Saltwater in the Blood
Coastal Trading Ketches
From the mid 1800s well into the1900s there were few roads on Eyre Peninsula, and no quick way of transporting goods by land. Farms and settlements relied on trading ketches with shallow drafts for their supplies and communication with the wider world, and transport of their produce to markets. The ketches could come right in to shallow bays at high tide, and sit on the bottom in low tide for loading.
Early Days of Fishing
The Aboriginal people enjoyed the excellent fishing in Boston Bay prior to colonisation, and remains of fish traps exist at Billy Lights Point. The first European fishermen to visit Port Lincoln were the whalers and the sealers in the early 1800s. Traces of whaling stations exist along the West Coast.
From the beginning of European settlement in Port Lincoln in 1839, fish were caught and sold door-to-door by fishers using shore lines or nets, and small sailing boats. By 1904 a commercial fishing licence was required (available to anyone who could pay the fee) and a cutter fleet was growing in South Australian waters. Cutters were sail driven, smaller boats (in the 25 to 35 foot range), usually with a wet well to keep fish alive, and able to be handled by one or two crew.
There were few navigation aids or weather forecasts, so only the skilled were successful. Major catches were premium scale fish (whiting, schnapper, garfish), tommies, shark for the oil, crustaceans.
Fishermen sold fish to the public off the town jetty, and when small depots were established through the newly formed SA Fisherman’s Co-op in the early 1950s, the majority was shipped to the Adelaide Fish Market.
Arrival of Coastal Steamships
With the advent of steam driven vessels at the turn of the century, the SS Rupara began sailing in Port Lincoln waters in the early 1900s. She was an early Adelaide Steamship Company vessel, built in 1906 and weighing 1,368 tons, with a dual purpose of moving cargo and people.
The Company used her and later ships SS Minnipa and SS Moonta to run the popular Gulf trips which visited Port Lincoln, Whyalla, Port Augusta and Port Pirie. Passengers were entertained and the food and service were good. Tours were arranged when the ship reached port, while cargo was discharged or taken aboard.
The Gulf trips provided opportunities for people to meet, for honeymoons and anniversary celebrations and celebrating the New Year. They also provided a vital link with Adelaide and more employment opportunities.
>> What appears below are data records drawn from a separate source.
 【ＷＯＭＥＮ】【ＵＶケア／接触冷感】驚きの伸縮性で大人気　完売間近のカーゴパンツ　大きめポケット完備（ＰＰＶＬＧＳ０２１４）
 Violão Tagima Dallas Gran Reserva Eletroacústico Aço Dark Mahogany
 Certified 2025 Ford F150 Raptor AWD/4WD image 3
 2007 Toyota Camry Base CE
Despite our location in the Southern most part of Australia, during the World Wars Port Lincoln was seen as a potential target for enemy activity because of it’s amazing natural harbour. In WWII, these fears were justified with the discovery of sea mines in the waters surrounding the lower Peninsula.
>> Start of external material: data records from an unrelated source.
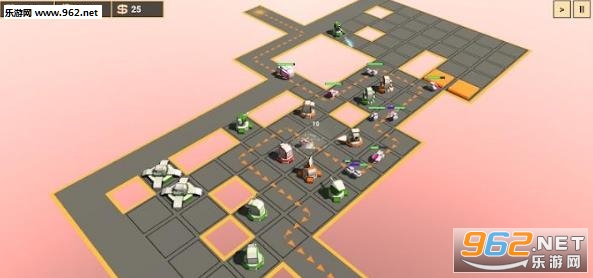 ��������Grid Defense��׿���ͼ1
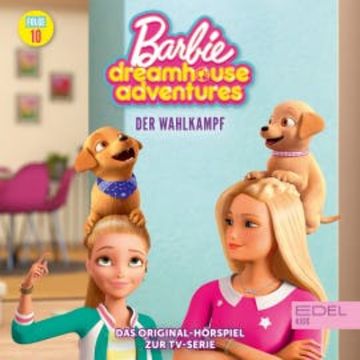 Folge 10: Der Wahlkampf (Das Original Hörspiel zur TV-Serie) audiobook, Angela Strunck
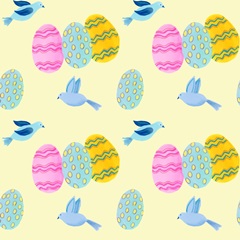 Bunnies on Bikes Collection G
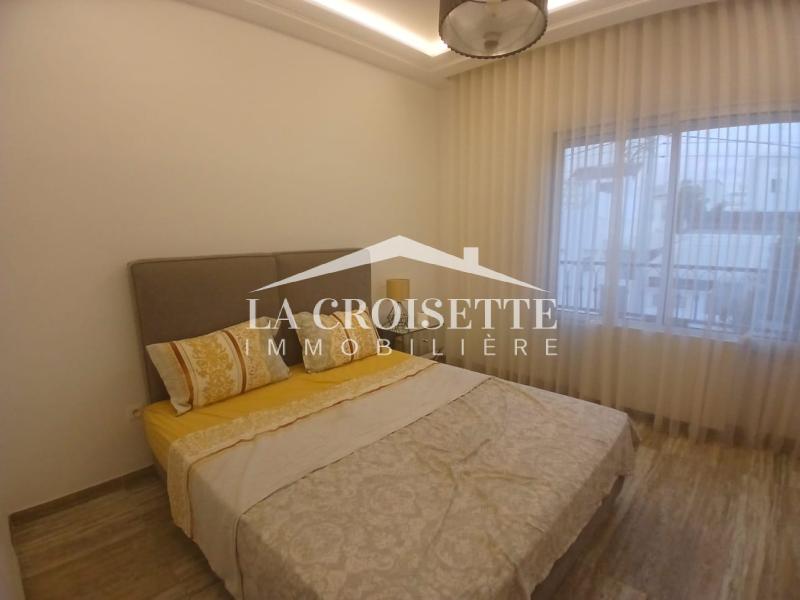 Appartement S+3 aux Jardins de Carthage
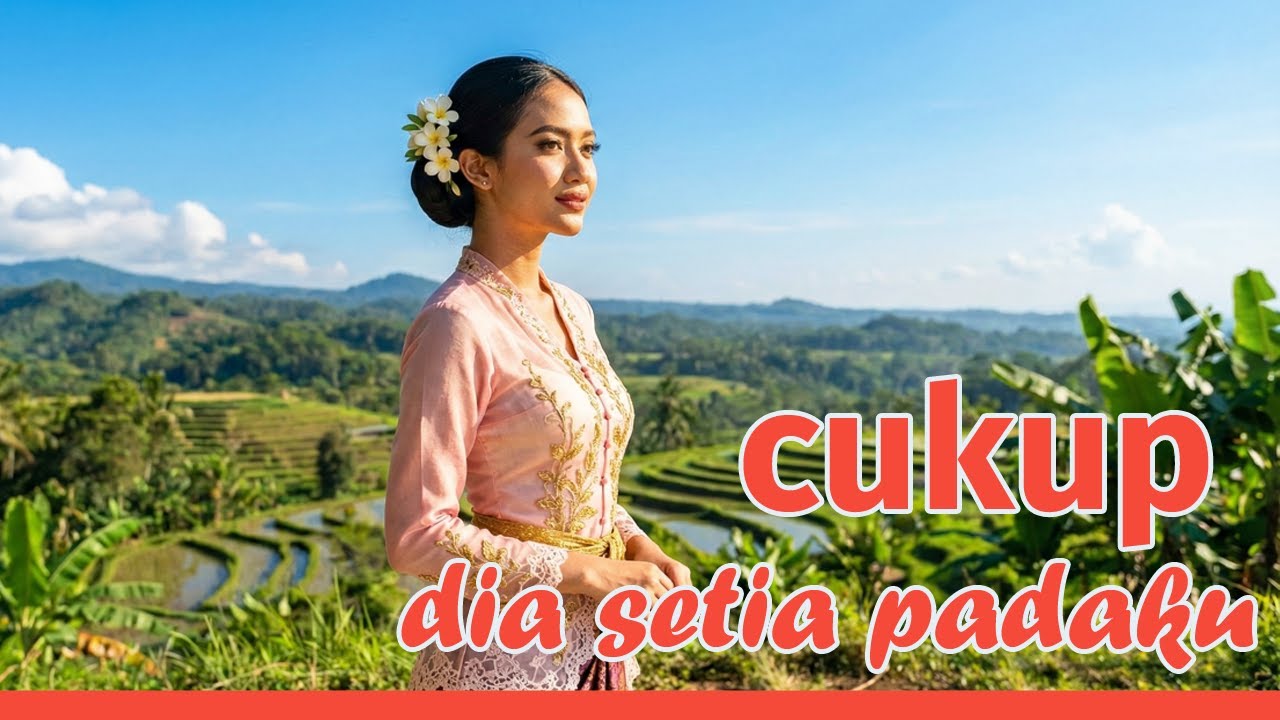 POP AMBON PALENG SADAP ( CUKUP DIA SETIA PADAKU ) LAGU PILIHAN, LAGU CINTA, ROMANTIS ENAK DI DENGAR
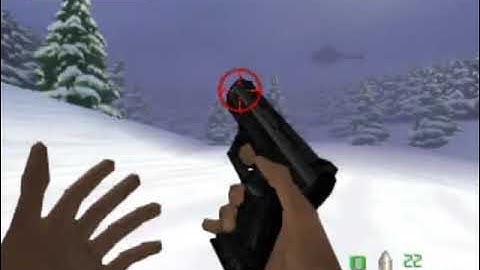 James Bond 007 - The World is not enough: Mission #5 - Cold Reception (Agent Difficulty)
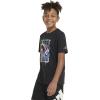 imageadidas Boys Stay Dry Climalite Short Sleeve TShirtNew Black Football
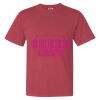 Garment-Dyed Heavyweight Comfort Colors® T-Shirt Thumbnail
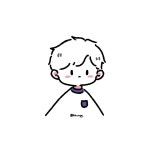 Pin by 주니엔지니 on 캐릭터 | Gambar lucu, Inspirasi menggambar, Sketsa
After the war, a decommissioned enemy sea mine was a landmark at the end of the Port Lincoln town jetty for several years.
Development of Modern Fishing Industry
We have excellent displays showing modern fishing methods for tuna, prawns, oysters and abalone, and the characters who made them happen. We also have a number of unusual DVDs and books for sale on the era.
Restored Wooden Boats at the Museum
There are over 25 restored wooden boats of historic significance housed in the Museum or on the hardstand. In pride of place outside is SV Hecla, a 60 foot flat bottomed coastal trading ketch built in 1903. Her restoration by Museum volunteers was completed in 2017, and she is the last extant example of her kind.
Matthew Flinders (1774-1814) commanded an English expedition to chart the unknown southern coast of Australia, and to determine whether or not Australia was one or two or more very large islands. The French were doing likewise under Nicolas Baudin, but in the end Flinders won the race.
Sailing aboard HMS Investigator, in January 1802 Flinders reached the furthest limit of previous discoveries at Fowlers Bay, and began charting a new coastline. He closely examined then charted the peninsulas and the two gulfs, including Port Lincoln waters. Most of the maritime and geographic features in the area were named by him, especially the name of our beautiful location, Port Lincoln.
Flinders’s running survey of the unknown southern coast was his greatest achievement. The meticulous details that he recorded of wind, tide and currents etc were later utilised in the compilation of the first Australian Directory in 1830.
The 3 volume limited edition set of books chronicling his discoveries: “A Voyage to Terra Australis”, along with a miniature (maquette) of the Matthew Finders memorial statue in London were generously donated to the Museum by the Lang Foundation in September 2014.